→ WHAT TO DO
Work out how many lines in the entries contain the string "Container", and give nothing but that number.

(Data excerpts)
----------------
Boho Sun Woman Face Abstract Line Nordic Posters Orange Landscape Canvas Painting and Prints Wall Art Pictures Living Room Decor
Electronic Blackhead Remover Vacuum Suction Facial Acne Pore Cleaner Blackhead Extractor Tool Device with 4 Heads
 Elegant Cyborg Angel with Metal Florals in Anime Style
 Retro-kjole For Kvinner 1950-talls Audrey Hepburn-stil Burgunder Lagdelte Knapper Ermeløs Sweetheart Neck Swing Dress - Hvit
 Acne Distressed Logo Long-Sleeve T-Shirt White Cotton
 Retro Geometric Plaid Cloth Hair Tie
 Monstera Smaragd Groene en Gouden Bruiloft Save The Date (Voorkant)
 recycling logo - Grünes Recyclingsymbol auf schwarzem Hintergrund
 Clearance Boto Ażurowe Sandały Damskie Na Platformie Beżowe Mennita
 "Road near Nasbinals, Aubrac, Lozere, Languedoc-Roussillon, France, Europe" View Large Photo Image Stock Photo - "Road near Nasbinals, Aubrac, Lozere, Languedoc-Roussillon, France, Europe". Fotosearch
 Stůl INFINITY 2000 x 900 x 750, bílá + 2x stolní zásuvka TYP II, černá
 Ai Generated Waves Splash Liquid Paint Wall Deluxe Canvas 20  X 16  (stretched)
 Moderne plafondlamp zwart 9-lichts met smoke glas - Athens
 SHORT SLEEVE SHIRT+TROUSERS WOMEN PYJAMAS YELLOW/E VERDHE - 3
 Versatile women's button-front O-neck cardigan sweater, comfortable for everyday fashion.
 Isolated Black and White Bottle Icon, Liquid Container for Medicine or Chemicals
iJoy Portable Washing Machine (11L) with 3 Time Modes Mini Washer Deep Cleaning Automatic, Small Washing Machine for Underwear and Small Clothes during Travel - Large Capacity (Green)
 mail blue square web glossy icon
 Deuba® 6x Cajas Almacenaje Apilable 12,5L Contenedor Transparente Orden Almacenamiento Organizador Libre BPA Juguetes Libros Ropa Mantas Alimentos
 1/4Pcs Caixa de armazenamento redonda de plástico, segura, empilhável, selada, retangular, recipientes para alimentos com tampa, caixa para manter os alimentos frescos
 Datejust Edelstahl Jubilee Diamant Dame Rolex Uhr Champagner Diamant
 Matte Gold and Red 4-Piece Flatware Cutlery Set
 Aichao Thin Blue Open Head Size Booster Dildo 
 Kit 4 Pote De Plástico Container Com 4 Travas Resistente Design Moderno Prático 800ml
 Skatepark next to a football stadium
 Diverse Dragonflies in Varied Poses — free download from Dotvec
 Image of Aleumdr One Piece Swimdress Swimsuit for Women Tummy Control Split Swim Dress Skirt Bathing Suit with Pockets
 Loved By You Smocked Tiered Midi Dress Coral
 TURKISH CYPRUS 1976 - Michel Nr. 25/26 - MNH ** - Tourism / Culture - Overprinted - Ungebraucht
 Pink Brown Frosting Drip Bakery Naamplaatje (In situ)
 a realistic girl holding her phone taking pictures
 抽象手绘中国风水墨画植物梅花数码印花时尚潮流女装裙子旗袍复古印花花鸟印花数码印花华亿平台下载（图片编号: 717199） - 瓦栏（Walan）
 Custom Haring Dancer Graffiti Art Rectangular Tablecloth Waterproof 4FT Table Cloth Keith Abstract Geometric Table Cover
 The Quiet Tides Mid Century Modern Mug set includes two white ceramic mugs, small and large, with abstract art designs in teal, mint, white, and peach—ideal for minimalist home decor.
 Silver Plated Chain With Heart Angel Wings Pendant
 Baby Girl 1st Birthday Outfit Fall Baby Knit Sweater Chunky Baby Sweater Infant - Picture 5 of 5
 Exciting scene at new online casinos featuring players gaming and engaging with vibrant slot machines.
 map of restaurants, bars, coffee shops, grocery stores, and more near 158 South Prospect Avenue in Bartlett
----------------
→ TASK RESPONSE
2